Revisé cada lugar en la cabaña. Moví los cuadros e intenté despegar las maderas que estaban algo despegadas. Debía haber algo en la cabaña sobre Christopher e Isabey. Hasta lo que Nick me había dicho, sabía que Isabey era una anciana, ¿pero por qué Christopher se metería con ella? Lo único que podía ser, era que Isabey hubiera descubierto algo sobre Christopher. La puerta se abrió de trancazo, me escondí en un armario sigilosamente. Christopher guardó las llaves en sus bolsillos y se quitó la chamarra verde. Se colocó de cuclillas y sacó una llave para abrir una cerradura en el mármol. Era una puerta pequeña, no podía ser un sótano, Chris no cabría. No era gordo, pero tampoco demasiado flaco para caber. Apenas si tenía pancita. Sacó una caja algo vieja y le sacudió el polvo. La abrió con otra llave pequeña y sacó una carta.

¿Por qué Christopher tenía un pedazo de papel resguardado? Se la guardó en el bolsillo y volvió a dejar la caja bajo llave luego se dirigió hasta el armario donde estaba escondida, nuestros ojos se encontraron desde los espacios entre la persiana. Abrió el armario y me empujó para salir.

  — ¿Qué hacías metida allí, Bercher? —quiso saber.

— ¿Por qué sacabas un pedazo de papel de una caja oculta en la cabaña? —repliqué.

—Ese no es tu problema. Di qué hacías allí dentro.

—Dijiste que podía usar la cabaña cuando quisiera. Estar escondida o no tampoco es tu problema.

  — ¿Te gustan las escondidas? No eres una niña chiquita, Bercher. Podría haber hecho lo que hice delante de ti. No es ningún secreto.

—Entonces muéstrame qué llevas allí —exclamé.

  —No es nada que te interese, diablita.

  —Sé lo de Isabey. —saqué el libro de la mochila encima de la mesa. —. Nick me contó todo.

  — ¿Tú qué sabes de Nick? —me arrebató el libro y tocó la portada con la palma de su mano. Parecía estar triste.

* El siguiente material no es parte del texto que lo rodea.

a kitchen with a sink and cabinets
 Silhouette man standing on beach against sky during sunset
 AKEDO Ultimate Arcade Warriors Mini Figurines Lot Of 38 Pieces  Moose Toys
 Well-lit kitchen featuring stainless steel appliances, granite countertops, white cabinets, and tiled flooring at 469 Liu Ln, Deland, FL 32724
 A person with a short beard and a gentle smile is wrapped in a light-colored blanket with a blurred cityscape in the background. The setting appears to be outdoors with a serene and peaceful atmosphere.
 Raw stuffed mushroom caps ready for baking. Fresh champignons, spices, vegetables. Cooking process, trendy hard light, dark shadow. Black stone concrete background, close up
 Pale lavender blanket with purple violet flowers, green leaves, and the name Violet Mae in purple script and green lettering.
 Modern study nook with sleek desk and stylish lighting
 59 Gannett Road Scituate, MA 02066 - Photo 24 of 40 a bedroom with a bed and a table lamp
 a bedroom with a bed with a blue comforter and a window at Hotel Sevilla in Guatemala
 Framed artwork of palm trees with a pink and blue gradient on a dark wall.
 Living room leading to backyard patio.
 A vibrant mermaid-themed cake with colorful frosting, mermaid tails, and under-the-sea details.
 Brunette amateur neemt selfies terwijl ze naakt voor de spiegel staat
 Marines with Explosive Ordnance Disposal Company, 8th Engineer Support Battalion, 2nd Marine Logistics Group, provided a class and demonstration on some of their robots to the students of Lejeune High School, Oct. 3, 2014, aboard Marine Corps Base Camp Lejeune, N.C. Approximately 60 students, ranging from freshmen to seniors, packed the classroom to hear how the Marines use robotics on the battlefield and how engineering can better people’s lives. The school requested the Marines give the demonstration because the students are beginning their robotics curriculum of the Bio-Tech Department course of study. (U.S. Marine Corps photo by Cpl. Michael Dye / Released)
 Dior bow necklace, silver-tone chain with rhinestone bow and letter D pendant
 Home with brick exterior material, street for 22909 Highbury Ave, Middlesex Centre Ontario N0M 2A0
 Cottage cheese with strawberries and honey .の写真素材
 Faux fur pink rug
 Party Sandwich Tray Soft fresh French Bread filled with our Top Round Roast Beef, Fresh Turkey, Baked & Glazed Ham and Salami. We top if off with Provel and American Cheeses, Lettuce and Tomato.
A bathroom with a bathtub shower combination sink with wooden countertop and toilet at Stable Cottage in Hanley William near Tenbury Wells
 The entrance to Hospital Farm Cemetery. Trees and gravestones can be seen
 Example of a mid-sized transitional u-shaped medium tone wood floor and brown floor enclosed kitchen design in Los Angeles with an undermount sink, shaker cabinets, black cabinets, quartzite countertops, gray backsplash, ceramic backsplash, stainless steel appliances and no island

  — ¿Por qué ella te dedicó ese libro? Era una anciana, Christopher. —exclamé alterada. —. Nick dijo que escapaste la misma noche que desapareció, ¿vas a darme una explicación? Ella te dedicó este libro.

  —Isabey no es una anciana, diablita. —alzó la voz. —. Ella está enferma del corazón. Me dedicó el libro porque creía en cosas que nadie más veía. Yo era el único que sabía que todo era cierto. Ella da sus últimos respiros por mí. Y lucha contra los problemas cardíacos por mí. Jamás la lastimaría como piensas.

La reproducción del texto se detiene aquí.